Comment situez-vous Navy Blue par rapport à vos pièces précédentes ?

C’est un spectacle à grande échelle, mais d’une certaine manière, à petite échelle également. Après avoir compris que je ne pouvais pas guérir l’Irlande avec la danse, cette pièce, créée juste après le confinement en raison de la pandémie, m’a fait revenir à moi-même et à l’aspect concret de ma pratique : cette salle de théâtre dans laquelle nous nous trouvons, ce spectacle, son coût.

Je fais référence à la dureté du monde du ballet dans Navy Blue, mais le spectacle aborde toutes les formes de tyrannie. Il n’est pas unidirectionnel : d’un côté, les interprètes peuvent évoquer des travailleurs soumis au capitalisme, mais de l’autre, ils travaillent tous ensemble aussi. Les spectateur·ice·s de danse viennent souvent du milieu de la danse, c’est leur vie, alors ils voient leur vie sur scène.

 

Quelles sont les images qui ont accompagné la création de Navy Blue ?

La première image qui m’est venue à l’esprit est l’ouverture de la pièce, avec la lumière qui s’intensifie et les interprètes en rangée, dans leurs bleus de travail, comme s’ils étaient alignés pour être exécutés. Ils ont leur individualité, mais font aussi partie d’une seule colonne vertébrale, ils en sont les terminaisons nerveuses. J’ai aussi vu un horizon bleu, une ligne, cette ligne bleue incurvée que l’on voit au lever du soleil dans l’espace.

 

Comment avez-vous traité la violence dans Navy Blue ?

Il y a eu plusieurs versions, plus violentes, du spectacle.

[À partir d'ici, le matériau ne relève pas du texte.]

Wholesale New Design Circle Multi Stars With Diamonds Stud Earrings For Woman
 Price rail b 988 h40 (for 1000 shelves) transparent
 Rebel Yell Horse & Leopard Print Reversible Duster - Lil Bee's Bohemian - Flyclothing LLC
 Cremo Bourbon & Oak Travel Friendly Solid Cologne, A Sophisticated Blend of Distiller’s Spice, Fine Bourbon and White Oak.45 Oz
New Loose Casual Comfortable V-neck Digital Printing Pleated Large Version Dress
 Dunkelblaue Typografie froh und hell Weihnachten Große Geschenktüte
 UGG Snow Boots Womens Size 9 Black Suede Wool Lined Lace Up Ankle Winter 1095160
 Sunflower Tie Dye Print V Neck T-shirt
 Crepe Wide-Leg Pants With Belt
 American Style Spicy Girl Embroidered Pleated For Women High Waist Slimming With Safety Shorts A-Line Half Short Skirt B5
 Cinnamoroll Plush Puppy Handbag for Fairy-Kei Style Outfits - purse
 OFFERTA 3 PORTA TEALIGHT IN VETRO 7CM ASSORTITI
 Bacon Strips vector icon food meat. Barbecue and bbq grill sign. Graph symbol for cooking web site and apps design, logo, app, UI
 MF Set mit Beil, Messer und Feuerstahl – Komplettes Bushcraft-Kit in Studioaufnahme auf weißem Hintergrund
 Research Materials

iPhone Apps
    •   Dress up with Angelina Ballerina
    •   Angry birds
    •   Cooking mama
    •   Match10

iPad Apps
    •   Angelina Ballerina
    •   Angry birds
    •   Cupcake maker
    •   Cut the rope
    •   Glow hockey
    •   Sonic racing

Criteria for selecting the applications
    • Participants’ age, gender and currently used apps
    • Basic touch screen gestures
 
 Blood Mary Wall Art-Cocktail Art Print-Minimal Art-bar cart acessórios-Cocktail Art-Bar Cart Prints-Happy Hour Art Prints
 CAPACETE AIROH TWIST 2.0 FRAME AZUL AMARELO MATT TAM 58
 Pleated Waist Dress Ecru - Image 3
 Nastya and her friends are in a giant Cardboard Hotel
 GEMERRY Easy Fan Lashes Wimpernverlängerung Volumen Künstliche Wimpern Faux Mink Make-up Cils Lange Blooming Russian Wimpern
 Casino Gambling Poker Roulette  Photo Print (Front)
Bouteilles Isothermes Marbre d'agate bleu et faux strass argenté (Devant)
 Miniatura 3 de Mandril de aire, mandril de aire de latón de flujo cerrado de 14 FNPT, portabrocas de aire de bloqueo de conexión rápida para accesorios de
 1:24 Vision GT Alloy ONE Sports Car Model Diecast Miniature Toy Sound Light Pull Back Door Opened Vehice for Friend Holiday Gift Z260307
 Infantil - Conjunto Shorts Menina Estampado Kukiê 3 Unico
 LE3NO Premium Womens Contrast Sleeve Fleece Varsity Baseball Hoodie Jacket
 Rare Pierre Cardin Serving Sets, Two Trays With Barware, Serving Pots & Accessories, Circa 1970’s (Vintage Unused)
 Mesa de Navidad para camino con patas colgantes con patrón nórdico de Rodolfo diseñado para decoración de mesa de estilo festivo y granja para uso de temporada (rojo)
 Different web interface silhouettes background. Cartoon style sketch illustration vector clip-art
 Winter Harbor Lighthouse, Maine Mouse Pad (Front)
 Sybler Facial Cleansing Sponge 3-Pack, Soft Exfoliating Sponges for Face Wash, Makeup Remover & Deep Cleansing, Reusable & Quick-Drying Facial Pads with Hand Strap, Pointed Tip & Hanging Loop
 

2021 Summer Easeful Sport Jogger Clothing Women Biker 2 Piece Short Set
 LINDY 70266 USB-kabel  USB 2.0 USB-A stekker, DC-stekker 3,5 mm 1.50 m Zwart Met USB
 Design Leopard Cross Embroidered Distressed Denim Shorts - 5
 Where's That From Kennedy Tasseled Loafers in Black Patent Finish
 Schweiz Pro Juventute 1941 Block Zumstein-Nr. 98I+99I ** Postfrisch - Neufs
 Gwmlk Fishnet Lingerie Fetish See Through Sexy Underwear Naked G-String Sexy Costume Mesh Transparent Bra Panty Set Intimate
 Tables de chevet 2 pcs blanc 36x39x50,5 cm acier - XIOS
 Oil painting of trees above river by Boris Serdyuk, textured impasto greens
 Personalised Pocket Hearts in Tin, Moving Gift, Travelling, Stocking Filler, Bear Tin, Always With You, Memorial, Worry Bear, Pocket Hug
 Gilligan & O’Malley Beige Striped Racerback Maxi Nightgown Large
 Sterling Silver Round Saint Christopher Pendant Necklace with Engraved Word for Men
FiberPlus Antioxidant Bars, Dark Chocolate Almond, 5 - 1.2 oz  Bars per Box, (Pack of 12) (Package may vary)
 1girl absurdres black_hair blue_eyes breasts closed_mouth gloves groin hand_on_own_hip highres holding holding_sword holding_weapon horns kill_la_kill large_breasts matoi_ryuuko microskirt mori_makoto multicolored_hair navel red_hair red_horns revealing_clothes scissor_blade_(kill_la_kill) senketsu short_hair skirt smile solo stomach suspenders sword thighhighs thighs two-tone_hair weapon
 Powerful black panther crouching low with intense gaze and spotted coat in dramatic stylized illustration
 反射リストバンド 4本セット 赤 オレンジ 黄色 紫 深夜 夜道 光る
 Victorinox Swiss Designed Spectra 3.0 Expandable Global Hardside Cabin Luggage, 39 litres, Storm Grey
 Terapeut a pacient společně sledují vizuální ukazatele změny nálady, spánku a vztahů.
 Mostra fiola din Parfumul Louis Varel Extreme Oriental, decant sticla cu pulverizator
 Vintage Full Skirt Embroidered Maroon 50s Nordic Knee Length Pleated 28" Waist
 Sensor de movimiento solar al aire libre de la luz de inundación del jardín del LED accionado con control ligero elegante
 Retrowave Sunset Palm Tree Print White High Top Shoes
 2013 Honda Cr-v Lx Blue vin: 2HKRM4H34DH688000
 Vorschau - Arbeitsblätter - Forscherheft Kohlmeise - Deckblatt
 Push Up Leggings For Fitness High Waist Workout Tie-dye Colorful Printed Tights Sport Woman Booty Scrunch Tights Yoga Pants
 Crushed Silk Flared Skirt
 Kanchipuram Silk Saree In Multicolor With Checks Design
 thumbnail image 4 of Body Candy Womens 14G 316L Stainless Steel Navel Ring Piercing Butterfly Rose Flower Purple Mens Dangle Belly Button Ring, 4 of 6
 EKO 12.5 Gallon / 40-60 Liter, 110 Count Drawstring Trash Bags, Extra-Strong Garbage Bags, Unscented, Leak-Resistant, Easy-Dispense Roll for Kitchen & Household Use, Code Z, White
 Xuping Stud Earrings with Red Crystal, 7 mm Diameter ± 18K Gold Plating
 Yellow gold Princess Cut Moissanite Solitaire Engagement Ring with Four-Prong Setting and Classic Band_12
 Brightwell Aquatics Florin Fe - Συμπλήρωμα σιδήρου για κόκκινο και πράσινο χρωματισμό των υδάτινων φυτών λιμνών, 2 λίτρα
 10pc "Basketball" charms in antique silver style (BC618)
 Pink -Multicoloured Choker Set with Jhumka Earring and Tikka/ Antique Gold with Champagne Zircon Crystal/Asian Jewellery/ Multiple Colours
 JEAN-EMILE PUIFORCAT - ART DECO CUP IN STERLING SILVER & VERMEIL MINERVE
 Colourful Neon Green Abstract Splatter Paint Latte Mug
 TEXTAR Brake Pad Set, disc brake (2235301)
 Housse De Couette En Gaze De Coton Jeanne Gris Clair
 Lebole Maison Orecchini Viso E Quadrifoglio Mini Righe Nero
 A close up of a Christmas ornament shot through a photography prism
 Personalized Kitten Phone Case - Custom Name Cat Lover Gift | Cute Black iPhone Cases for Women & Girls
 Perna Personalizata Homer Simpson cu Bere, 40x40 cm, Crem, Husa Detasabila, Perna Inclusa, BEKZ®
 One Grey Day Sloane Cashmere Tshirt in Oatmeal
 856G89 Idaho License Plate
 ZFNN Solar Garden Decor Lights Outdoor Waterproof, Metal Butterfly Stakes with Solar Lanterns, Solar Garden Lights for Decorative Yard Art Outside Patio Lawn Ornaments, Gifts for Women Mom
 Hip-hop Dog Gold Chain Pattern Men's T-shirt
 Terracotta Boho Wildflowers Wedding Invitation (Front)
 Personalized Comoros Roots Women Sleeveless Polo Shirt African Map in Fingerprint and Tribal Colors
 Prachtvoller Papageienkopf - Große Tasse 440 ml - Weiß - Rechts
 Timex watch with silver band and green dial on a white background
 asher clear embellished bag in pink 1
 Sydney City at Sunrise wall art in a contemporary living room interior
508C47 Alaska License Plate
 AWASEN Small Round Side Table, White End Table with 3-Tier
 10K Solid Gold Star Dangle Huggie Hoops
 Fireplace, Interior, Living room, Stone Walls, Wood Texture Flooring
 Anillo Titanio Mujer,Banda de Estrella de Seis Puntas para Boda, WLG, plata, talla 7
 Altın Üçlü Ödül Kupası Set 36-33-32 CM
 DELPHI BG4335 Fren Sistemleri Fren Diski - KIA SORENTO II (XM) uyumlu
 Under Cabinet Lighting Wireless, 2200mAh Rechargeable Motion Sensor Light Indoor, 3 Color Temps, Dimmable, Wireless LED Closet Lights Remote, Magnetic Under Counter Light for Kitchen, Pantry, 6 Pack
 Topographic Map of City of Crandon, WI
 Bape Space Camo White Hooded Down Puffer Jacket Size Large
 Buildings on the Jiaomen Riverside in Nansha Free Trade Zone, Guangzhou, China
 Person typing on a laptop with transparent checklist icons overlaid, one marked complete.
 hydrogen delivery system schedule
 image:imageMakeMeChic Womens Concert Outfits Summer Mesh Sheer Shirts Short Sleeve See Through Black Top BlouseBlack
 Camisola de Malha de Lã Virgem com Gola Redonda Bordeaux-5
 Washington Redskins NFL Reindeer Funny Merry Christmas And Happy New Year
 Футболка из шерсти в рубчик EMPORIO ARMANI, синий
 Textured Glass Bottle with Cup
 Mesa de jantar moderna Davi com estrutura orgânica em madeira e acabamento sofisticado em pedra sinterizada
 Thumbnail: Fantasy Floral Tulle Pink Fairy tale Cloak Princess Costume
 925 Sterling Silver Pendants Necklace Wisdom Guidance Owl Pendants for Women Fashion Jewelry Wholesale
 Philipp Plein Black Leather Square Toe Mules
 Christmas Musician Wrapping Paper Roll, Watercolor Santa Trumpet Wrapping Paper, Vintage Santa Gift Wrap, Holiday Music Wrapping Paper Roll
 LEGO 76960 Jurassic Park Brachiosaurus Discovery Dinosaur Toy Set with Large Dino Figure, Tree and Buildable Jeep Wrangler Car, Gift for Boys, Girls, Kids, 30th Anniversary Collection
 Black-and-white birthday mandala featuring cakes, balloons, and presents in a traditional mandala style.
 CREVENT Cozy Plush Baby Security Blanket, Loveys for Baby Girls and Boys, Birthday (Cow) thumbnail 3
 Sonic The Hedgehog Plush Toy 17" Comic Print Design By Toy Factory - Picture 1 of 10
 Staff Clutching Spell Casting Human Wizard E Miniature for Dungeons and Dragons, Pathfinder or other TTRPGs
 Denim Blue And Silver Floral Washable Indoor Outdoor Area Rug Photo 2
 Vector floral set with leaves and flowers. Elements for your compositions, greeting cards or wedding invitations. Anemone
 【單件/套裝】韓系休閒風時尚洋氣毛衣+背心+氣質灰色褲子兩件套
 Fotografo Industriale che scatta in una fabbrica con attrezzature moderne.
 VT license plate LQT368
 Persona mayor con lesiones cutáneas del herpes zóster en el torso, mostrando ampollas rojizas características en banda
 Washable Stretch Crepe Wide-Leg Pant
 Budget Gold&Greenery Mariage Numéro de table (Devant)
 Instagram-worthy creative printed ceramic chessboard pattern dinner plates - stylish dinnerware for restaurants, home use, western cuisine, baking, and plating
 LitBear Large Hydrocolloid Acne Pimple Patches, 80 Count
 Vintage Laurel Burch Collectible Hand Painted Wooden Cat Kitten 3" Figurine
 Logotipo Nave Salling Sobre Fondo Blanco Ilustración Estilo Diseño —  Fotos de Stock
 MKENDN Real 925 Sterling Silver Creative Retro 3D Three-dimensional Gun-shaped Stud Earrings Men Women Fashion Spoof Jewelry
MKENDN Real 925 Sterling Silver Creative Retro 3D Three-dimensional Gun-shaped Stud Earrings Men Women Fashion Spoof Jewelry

Il y en a une où je devais me trouver parmi le public, dans le même costume que les interprètes, avec un revolver, et je demandais à la personne à côté de moi de choisir sur quel interprète je devais tirer. Je regardais alors beaucoup de photos de requin pour incarner ce tireur terrifiant. Je voulais faire un ballet sanglant à la Tarantino. L’idée m’est également venue de vendre un sac de vrai sang avec chaque billet.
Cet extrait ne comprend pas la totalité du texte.